LIENING CARGO – which lien clause applies to the bill of lading?
In a dry bulk market where some charterers are not paying freight or hire, their counterparties are often left to consider if they can lien the cargo on board the chartered vessel to obtain payment voluntarily, or by court sale if necessary.
Often this involves looking at a Congenbill of lading and establishing if a charterparty lien clause applies via clause (1) on the reverse which incorporates all “terms and conditions, liberties and exceptions of the Charterparty, dated as overleaf…”. Problems arise when there is no date overleaf and a number of charterparties in a chain, any of which could apply, or there are a number of charterparties in the chain with the same date as overleaf. The issue then becomes which charterparty lien clause to apply and what debt does it apply to.
As a matter of English law, the absence of a date overleaf on the face of the Congenbill does not prevent a charterparty from being incorporated. Where there is only one, direct with head owners, there is no issue as to it applying. However, what if there is a head time charter, followed by a sub time charter, followed by a head voyage charter and then a sub voyage charter. Which of these four charters is to be incorporated? Owners normally assert it is their head charter, as the charterparty they signed. Receivers under the bill usually argue it is the sub voyage charter, as the contract they most likely knew of in arranging the shipment. However, English law points in a different direction.

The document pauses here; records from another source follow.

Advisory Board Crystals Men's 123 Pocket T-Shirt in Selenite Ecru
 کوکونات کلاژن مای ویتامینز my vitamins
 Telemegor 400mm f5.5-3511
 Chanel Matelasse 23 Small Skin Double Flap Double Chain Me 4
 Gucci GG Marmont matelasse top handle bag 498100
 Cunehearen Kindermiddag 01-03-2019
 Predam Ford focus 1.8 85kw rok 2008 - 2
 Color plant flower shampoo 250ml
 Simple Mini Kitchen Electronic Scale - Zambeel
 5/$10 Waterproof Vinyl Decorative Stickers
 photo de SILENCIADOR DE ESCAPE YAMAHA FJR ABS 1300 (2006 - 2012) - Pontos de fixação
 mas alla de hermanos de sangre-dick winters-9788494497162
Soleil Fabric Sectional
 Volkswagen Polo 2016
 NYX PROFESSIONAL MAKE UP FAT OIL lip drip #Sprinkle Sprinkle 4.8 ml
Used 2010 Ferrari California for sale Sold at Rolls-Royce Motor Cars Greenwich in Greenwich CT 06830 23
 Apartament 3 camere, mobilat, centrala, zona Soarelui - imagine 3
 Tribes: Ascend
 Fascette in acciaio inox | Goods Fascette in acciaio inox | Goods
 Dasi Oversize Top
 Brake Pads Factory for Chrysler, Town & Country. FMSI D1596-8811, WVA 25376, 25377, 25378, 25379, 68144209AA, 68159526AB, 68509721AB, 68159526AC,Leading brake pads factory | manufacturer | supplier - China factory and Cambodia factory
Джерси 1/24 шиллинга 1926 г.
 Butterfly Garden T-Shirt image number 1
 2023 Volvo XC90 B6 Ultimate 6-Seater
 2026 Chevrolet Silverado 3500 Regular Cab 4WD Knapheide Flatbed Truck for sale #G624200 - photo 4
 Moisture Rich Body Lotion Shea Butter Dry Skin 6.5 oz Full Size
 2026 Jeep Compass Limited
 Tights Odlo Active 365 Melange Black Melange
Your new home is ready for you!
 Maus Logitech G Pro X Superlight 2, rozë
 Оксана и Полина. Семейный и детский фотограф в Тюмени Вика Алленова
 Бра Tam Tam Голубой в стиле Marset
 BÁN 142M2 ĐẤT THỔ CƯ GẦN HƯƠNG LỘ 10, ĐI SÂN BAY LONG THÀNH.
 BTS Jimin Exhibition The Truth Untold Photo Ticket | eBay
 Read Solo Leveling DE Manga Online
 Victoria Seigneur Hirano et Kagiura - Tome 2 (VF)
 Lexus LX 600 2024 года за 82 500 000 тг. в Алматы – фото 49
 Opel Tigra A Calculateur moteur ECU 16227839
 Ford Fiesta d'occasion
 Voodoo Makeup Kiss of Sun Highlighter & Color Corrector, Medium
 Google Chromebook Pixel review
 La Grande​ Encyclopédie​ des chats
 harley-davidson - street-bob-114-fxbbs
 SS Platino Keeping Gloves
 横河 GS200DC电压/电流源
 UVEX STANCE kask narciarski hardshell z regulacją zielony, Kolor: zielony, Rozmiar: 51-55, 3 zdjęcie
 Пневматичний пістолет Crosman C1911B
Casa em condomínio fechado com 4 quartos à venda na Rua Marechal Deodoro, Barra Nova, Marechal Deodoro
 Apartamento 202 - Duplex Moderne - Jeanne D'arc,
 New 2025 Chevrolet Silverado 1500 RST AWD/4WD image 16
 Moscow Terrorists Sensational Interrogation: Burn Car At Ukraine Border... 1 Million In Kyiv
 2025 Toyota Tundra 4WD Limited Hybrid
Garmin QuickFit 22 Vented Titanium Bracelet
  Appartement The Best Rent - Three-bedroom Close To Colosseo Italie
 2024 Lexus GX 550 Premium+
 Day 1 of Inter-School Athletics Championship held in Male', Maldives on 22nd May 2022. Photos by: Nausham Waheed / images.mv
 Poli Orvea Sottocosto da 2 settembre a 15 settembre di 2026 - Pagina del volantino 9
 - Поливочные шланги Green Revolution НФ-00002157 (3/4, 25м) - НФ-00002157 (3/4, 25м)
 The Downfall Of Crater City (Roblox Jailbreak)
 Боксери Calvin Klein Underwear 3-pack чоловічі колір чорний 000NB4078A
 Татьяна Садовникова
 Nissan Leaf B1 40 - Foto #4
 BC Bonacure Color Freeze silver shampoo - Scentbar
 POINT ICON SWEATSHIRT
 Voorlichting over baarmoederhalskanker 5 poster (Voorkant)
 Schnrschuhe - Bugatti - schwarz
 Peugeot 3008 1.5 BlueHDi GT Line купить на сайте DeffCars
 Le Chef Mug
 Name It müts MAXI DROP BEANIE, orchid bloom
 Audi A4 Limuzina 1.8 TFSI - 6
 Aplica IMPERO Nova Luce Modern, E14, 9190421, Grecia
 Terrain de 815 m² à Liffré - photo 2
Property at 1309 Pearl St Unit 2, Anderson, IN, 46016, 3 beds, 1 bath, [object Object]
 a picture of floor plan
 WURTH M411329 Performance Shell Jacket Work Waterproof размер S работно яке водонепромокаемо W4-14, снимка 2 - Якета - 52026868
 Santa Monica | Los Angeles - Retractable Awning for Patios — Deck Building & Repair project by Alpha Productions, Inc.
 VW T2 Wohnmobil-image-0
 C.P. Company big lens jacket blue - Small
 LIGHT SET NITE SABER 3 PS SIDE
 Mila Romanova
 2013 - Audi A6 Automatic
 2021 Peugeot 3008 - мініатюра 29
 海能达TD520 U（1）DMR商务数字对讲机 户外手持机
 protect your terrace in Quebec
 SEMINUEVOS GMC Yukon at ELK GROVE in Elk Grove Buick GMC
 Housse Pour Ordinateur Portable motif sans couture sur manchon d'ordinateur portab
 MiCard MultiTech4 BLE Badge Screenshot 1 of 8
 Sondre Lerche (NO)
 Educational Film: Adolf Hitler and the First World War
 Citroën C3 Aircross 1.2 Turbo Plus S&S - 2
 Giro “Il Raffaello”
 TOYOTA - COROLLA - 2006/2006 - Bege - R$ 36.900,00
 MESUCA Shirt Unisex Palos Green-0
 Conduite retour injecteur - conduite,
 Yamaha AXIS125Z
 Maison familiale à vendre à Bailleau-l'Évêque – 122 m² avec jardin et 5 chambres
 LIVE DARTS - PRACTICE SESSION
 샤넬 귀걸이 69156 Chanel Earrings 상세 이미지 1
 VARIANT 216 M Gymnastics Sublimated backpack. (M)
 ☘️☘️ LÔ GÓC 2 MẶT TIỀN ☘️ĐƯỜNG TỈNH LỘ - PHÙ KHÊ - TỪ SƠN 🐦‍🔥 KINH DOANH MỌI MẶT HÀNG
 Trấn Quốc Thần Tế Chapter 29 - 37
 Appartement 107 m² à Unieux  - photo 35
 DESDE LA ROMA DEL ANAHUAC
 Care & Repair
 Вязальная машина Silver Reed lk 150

The starting point is that under a time charter, it is the time charterer who has power over the issue of the bill of lading, providing these reflect the mate’s receipts. It is also the time charterer who has authority to give orders to the master and direct the vessel in its commercial business. As such, the charterparty most likely to be of greatest influence on the voyage will have a time charterer as one of the parties. However, in so far as the Congenbill only concerns a single voyage, then the charterparty likely to be of most relevance to it will be a voyage charter. As such, English law hesitantly arrives at the position that the applicable charterparty is the one where a time charterer is acting as disponent owner, with the head voyage charterer as its counterparty. In other words, in our scenario, it will be the terms of the head voyage charter between the sub time charterer and the head voyage charterer that will be incorporated into the Congenbill.
This then raises a further question: If the bill of lading is an owner’s bill, made between head owners and receivers, how can a lien in the head voyage charter be applied to that bill when it refers to freight due to the sub time charterer who is not a party to the bill? Does the fact that the freight subject to the lien is not to be paid to the head owner bar the exercise of the lien? English law suggests not. Providing the freight is still due to be paid by the head voyage charterer to the sub time charterer, then the sub time charterer can direct the head time charterer to direct the head owner to exercise the lien on its behalf (against its indemnity for the costs, expenses and potential liabilities involved). The head owner acts as a form of trustee in such a lien, and accounts to the time charterers for any payments received as a consequence of the lien.
Obviously, persuading the head owner to take such steps can be difficult, particularly if it has been paid hire in full and has no personal interest in collecting the freight for time charterers. However, the alternative is that head owners might face orders from time charterers to stop the vessel in an attempt to obtain payment in the absence of a formal lien by head owners. Head owners would argue that this puts them in breach of the Congenbill as against the receivers, to which time charterers would say it is their right to give orders, including the right to order head owners in how to exercise rights under the bill of lading, so if head owners refuse, they are in breach. The respective rights and wrongs of such a showdown would be complex, but faced with this situation, head owners may well prefer to exercise the lien themselves as trustee to give themselves more protection from claims under the bill of lading from the receivers, particularly if head owners obtain an indemnity from the time charterers in the process.
As in all charterparty matters, generalisations are interesting but the individual circumstances of each dispute need to be carefully checked to see if they apply. Bearing that in mind, when it comes to liening cargo under a Congen bill, it seems English law will be looking first to the head voyage charterparty as the source of relevant terms to be incorporated into the Congen bill unless another charter is expressly identified, and this is likely to lead to a less than obvious outcome.